I think we’ll also see the viral vector space driving innovation in how studies are designed and executed — for instance, multiplexing during viral clearance testing. Related to that, rAAV is likely an excellent candidate for platform-based approaches. For example, when transient systems are used in the context of a serotype-specific and consistently applied platform, CGT companies may either amass enough data or design studies that sufficiently rule out any VC capability impact of transgene, thus decreasing the burden of repeating studies for every new program once a sufficient body of platform knowledge has been generated. This might further be extendable across serotypes.

Overall, in the CGT space — while a generalization — timelines are often accelerated relative to traditional biologics and thus at any given time, material and time are typically in higher demand and shorter supply. In essence, there are many natural drivers toward ways to be more efficient with time and resources in CGT, and viral clearance is one arena where that might be the case.

4. What are the outstanding questions regarding viral clearance for the CGT space?

HURWIT: I think there are many questions, several of which I highlighted earlier. For pre-pivotal/pre-commercial rAAV programs, the big ones are still probably if/when/what caliber of studies are needed, how to establish burden, and to what extent risk assessments will be accepted. For pivotal/commercial there will likely be some uncertainty around model virus panel (how many and what viruses), excess logs removal, extent of data package required around different operations (e.g., it’s common to see fresh vs. reused resin studies, impact of process pauses during virus filtration, etc., in traditional biologics), and, again, the force of risk assessments.
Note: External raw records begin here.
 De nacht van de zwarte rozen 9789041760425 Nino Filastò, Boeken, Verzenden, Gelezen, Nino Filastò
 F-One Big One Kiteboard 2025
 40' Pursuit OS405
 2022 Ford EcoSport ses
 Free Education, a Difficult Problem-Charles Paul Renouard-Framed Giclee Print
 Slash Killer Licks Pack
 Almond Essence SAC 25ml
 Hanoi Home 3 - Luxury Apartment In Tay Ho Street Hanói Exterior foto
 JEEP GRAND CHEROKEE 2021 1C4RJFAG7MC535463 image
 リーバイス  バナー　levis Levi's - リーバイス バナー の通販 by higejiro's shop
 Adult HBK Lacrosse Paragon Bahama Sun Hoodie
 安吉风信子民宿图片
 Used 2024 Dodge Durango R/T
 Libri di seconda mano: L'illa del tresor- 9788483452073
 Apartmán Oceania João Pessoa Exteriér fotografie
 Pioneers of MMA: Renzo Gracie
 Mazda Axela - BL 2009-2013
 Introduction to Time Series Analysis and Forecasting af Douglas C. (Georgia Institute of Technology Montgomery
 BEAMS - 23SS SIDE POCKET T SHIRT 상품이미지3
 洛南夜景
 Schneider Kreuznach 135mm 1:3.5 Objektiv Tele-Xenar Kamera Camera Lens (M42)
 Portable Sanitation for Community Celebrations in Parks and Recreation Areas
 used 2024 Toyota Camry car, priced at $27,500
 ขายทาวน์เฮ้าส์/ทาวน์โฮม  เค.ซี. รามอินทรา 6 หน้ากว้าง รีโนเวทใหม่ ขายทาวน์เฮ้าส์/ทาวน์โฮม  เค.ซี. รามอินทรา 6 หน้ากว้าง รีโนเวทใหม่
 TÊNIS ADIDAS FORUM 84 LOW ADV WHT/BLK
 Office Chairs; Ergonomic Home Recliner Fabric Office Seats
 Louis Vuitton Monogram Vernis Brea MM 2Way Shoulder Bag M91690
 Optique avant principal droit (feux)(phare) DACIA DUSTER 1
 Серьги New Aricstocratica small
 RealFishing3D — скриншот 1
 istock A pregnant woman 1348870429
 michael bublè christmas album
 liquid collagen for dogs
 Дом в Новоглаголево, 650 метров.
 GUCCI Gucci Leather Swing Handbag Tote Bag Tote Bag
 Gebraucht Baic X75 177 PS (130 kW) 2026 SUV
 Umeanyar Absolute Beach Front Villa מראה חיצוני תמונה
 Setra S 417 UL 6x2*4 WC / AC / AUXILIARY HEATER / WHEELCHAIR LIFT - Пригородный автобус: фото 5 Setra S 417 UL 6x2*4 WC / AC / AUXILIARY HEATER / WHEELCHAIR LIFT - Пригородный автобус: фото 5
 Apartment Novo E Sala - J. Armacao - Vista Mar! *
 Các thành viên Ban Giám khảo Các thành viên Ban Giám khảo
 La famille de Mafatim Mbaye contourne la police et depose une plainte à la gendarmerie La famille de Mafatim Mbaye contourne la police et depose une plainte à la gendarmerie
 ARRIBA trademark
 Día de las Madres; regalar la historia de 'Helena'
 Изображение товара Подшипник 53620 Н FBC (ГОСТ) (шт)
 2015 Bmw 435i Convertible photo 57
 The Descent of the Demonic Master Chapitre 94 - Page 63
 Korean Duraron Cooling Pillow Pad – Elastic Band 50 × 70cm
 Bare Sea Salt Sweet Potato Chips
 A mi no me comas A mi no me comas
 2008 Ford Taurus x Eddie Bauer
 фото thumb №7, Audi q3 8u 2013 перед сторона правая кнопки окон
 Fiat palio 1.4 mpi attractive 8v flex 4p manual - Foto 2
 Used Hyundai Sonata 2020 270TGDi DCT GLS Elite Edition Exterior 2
I also think there’s an opportunity to accelerate the learning curve, for both sponsors and regulators, in rAAV based on industry experience with mAbs and other biologics. If and how to do that — for example, the applicability of leveraging platform data sets to supplant the need for fully replicated studies with each new asset — remains an open question. While these are some outstanding questions for rAAV (and there are surely many more not mentioned), none of them are showstoppers; time, experience, ongoing regulatory guidance, and ongoing collaboration will help clear them up.